Goal of the exercise | Locate the line that contains "1976 Waterpik Shower" in the data that follows. Copy it and every subsequent line to the end, exactly, excluding pictures.

Records |
=== Section Start ===
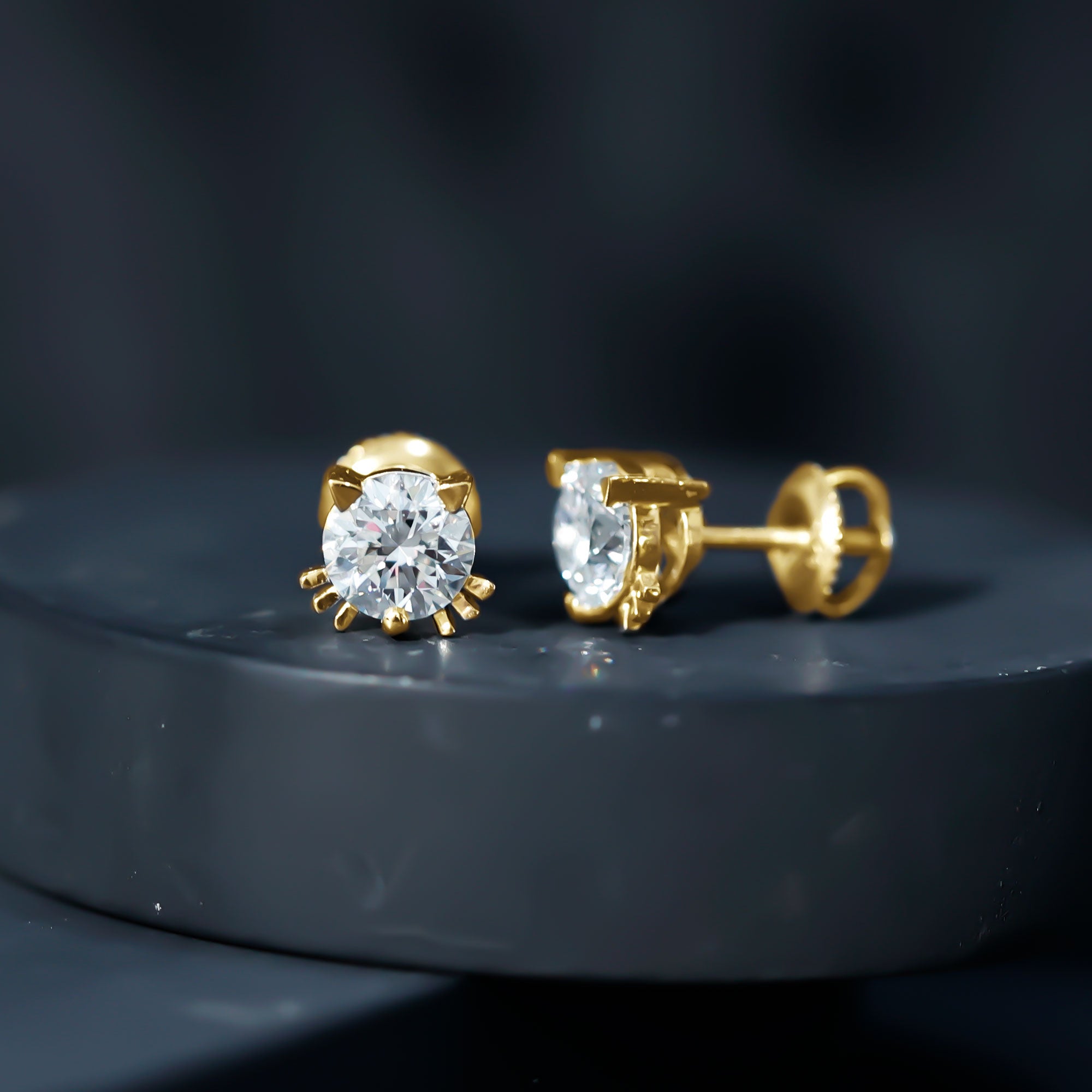 Dainty Round Shape Moissanite Cat Stud Earrings D-VS1 - Rosec Jewels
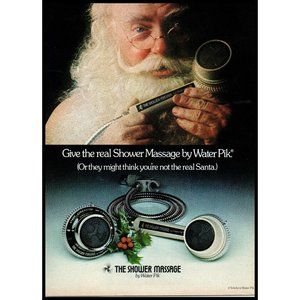 1976 Waterpik Shower Massage Head Vintage Print Ad Santa Christmas Gift Wall Art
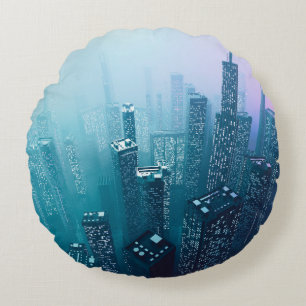 Future city downtown with skyscrapers in neon cybe round pillow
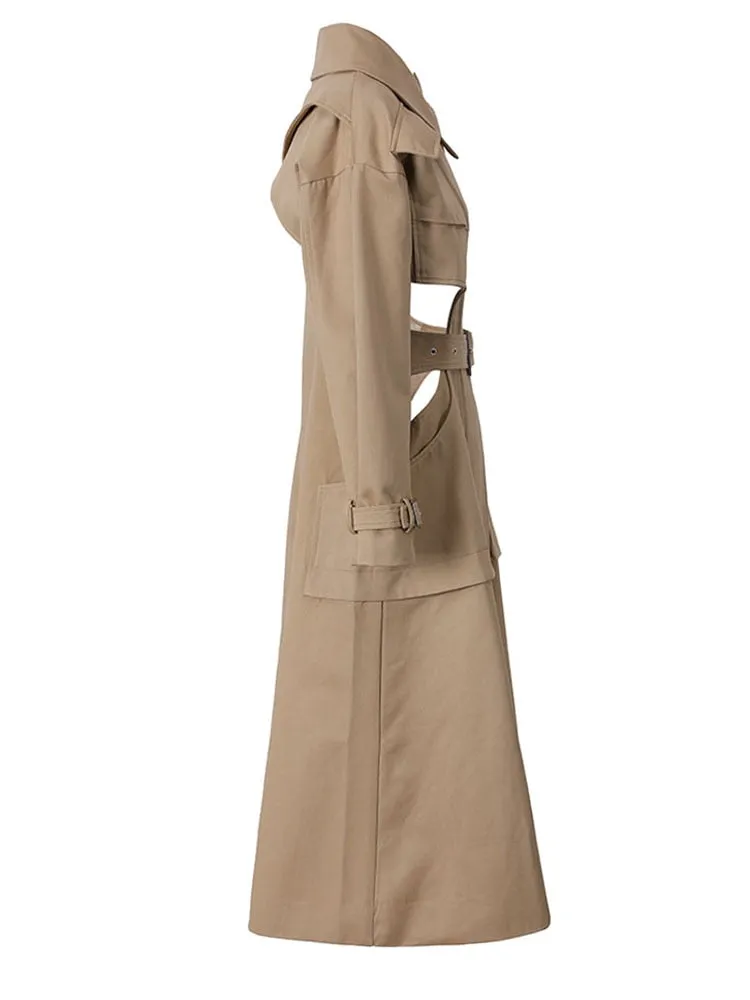 Hollow-out Trench Coat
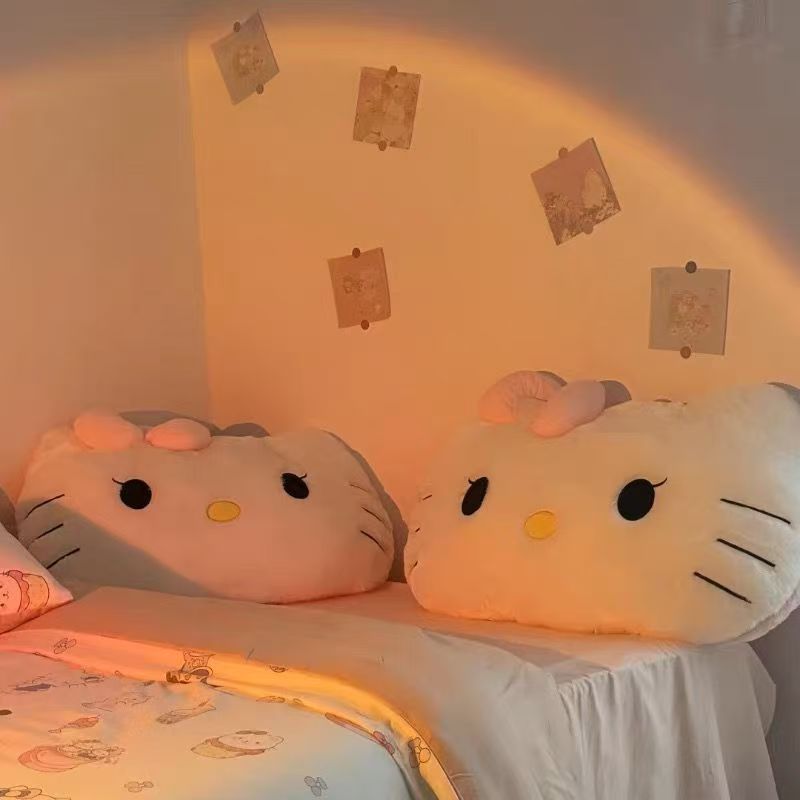 Hello Kitty Plush Pillow 17.7 Inch – Large Soft Sheepskin-Like Kawaii Cushion with Pink Bow & Black Ears | Girls Bedroom Decor | Birthday & Sleepover Gift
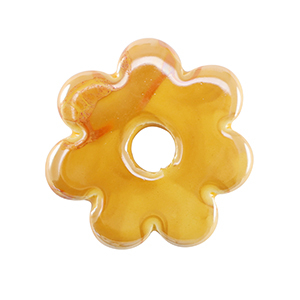 Abalorios de cer&aacute;mica griega DQ flor Amarillo c&aacute;lido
=== Section End ===
Exercise solution |
 1976 Waterpik Shower Massage Head Vintage Print Ad Santa Christmas Gift Wall Art
 Future city downtown with skyscrapers in neon cybe round pillow
 Hollow-out Trench Coat
 Hello Kitty Plush Pillow 17.7 Inch – Large Soft Sheepskin-Like Kawaii Cushion with Pink Bow & Black Ears | Girls Bedroom Decor | Birthday & Sleepover Gift
 Abalorios de cer&aacute;mica griega DQ flor Amarillo c&aacute;lido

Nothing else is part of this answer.